Elsevier

Information Systems

Volume 89, March 2020, 101485
Information Systems

An empirical evaluation of exact set similarity join techniques using GPUs

https://doi.org/10.1016/j.is.2019.101485Get rights and content

Highlights

  • A thorough evaluation showing the sweet spot of each different technique for exact set similarity joins using a GPU.

  • In large threshold values the sequential CPU techniques are competitive.

  • In lower threshold values, employing parallel GPU techniques seems beneficial.

  • Overall, GPU techniques may perform worse due to the imposed quadratic space overhead.

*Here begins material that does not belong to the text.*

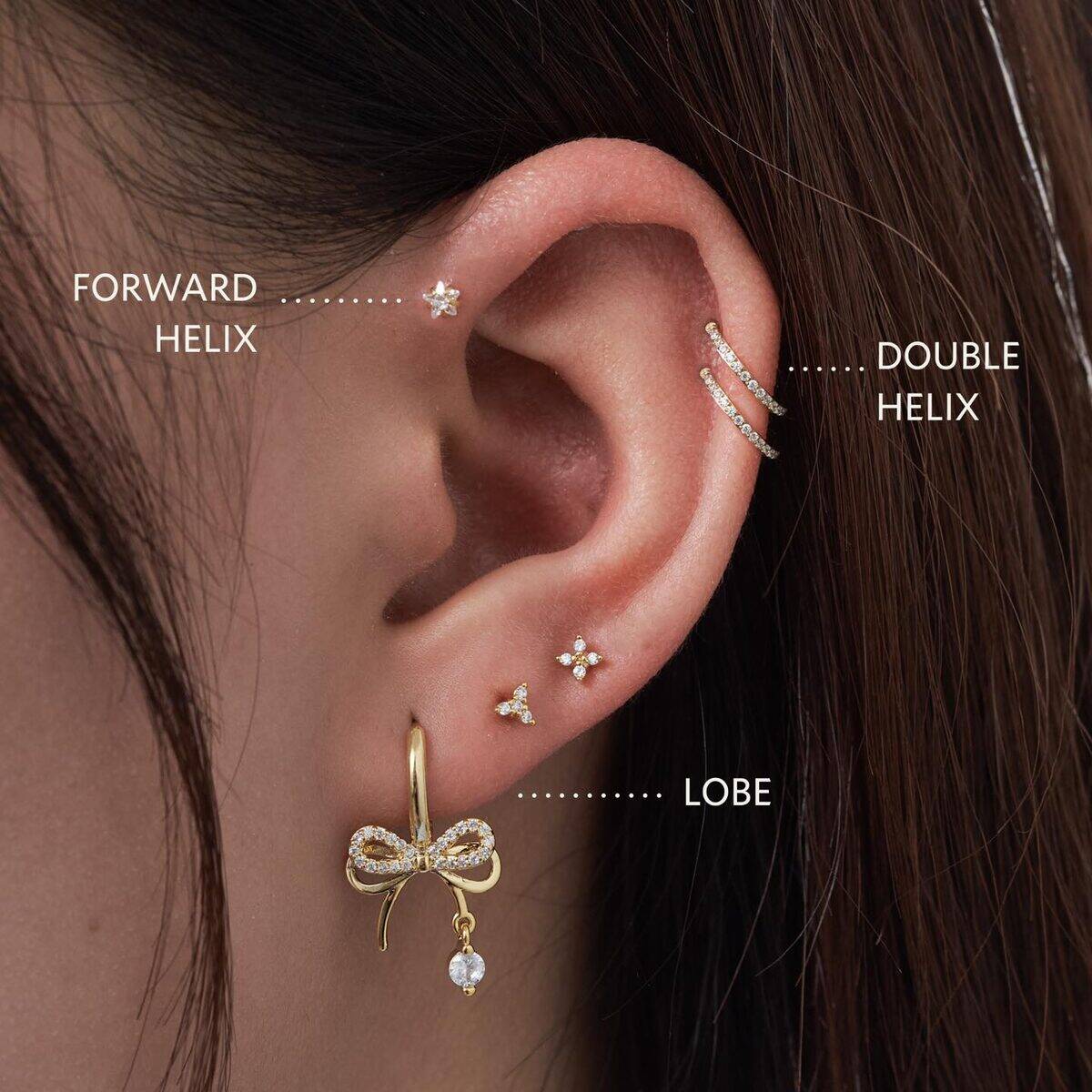 Vành tai cụp vs Vành tai mở — folded vs open ear anatomy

  • A CPU-GPU co-process scheme performs better in some cases due to efficient workload balance.

Abstract

Exact set similarity join is a notoriously expensive operation, for which several solutions have been proposed. Recently, there have been studies that present a comparative analysis using MapReduce or a non-parallel setting. Our contribution is that we complement these works through conducting a thorough evaluation of the state-of-the-art GPU-enabled techniques. These techniques are highly diverse in their key features and our experiments manage to reveal the key strengths of each one. As we explain, in real-life applications there is no dominant solution. Depending on specific dataset and query characteristics, each solution, even not using the GPU at all, has its own sweet spot. All our work is repeatable and extensible.

Introduction

Given two collections of sets and a threshold, set similarity join is the operation of computing all pairs, the overlap of which exceeds the given threshold. Similarity joins are used in a range of applications, such as plagiarism detection, web crawling, clustering and data mining and have been the subject of extensive research recently, e.g., [1], [2], [3], [4], [5].

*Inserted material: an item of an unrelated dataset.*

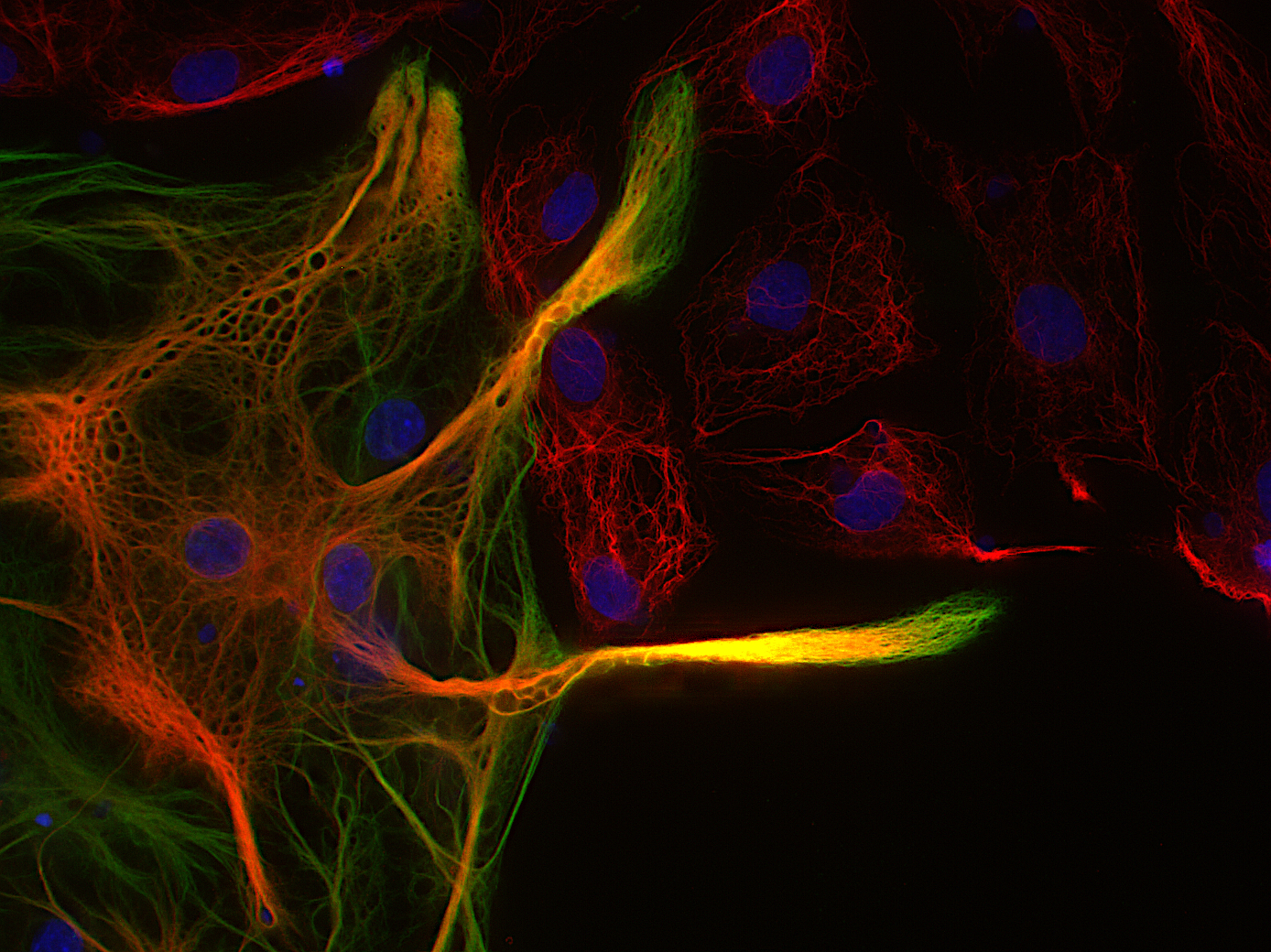 Vimentin, Polyclonal Guinea pig antiserum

In very large datasets, finding similar sets is not trivial. Due to the inherent quadratic complexity, a set similarity join between even medium sized datasets can take hours to complete on a single machine. For example, in the same setting used in our experiments to be presented later, a similarity join over the complete DBLP dataset using a Jaccard threshold of 0.85 takes approximately 8.5 h when employing only a modern CPU. In addition, challenges like high dimensionality, sparsity, unknown data distribution and expensive evaluation arise. To tackle scalability challenges, two main and complementary approaches have been followed. Firstly, to devise sophisticated techniques, which safely prune pairs that cannot meet the threshold as early as possible, typically through simple computations related to the prefix and the suffix of the ordered sets, e.g. [1], [4]. Secondly, to benefit from massive parallelism offered by parallel paradigms such as MapReduce [5], [6], [7], [8] and GPGPU (General-Purpose computing on Graphics Processing Units) [9], [10]. Orthogonally, there exist several proposals that trade accuracy for faster times, such as techniques for approximate set similarity or for nearest neighbor search, e.g., [11], [12], [13] (the detailed discussion of related work is deferred to Section 5). Our work deals with exact set similarities joins exclusively.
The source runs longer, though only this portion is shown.